When McLachlan was the kid being bullied at school or alienated at home, music made her feel valuable. After her hit-laden 1997 album “Surfacing” (“Building a Mystery,” “Adia”) and Lilith Fair, it had also made her wealthy and famous, affording her a family and an activist legacy. She no longer needed the spotlight’s validation, getting it instead from her daughters and dogs, her music school and morning music practice. Her career steadily slowed, with more years passing between albums and her experimental ardor fading. She didn’t mind.

“I’m a middle-aged woman. You kind of became invisible,” she said, leaning in with a wide grin. She whispered: “And I really like that.”

THE ENCORE BREAK on McLachlan’s new tour is brief, maybe 40 seconds. At her benefit show in Vancouver, soon after the band faded from the title finale of “Fumbling,” McLachlan slipped through a black curtain and rushed to her polished Yamaha grand. She’s making a new record, she told the crowd, and she wanted to try a song alone: “Gravity,” her balletic ode to perseverance, to letting others lift you. If McLachlan discarded an album of breakup songs, this is a hymn for what comes after.

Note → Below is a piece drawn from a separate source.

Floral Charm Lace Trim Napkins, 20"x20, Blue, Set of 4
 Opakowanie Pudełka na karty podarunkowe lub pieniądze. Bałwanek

It is also a fitting prelude for “Angel,” the poignant 1997 ballad that became a maudlin punchline after scoring a commercial for the Society for the Prevention of Cruelty to Animals.

“I see it at the end of the day, and it’s like, ‘Hi, I’m Sarah McLachlan, and I’m about to ruin your day,’” she said of filming the commercial as a favor. “But that’s just not me.”

Before “Adia,” McLachlan told the audience she never explained that song, because it immortalized her taboo transgression — ruining a relationship by dating her best friend’s ex. “We needed to part ways for a while,” she said. “And I swear it was the hardest breakup I’ve ever been through.”

But they fixed the friendship, which has since endured divorces, children and new love. For years, that friend, Crystal Heald, urged McLachlan to take “Fumbling” on tour. “Thank goodness she forgave me,” McLachlan continued.

McLachlan is candid about her prospects. Relevance, she admitted, is a young person’s game that she has long resisted. She’ll be at least 57 by the time she releases new music, and she knows most people only like the old stuff. Still, when she told her forgiveness tale, the arena erupted with a wave of recognition for bygone mistakes and second chances, for comebacks. Her audience has aged with her; stepping back into the spotlight, she is ready to have that conversation.

“I didn’t talk for the first 10 years of my shows. When the music was happening, I knew what I was doing. Take the music and my voice, and I’m 12 again,” she said two months before stepping onstage. “But in the last 10 years, I say whatever comes to mind. I feel more freedom daily to be who I am.”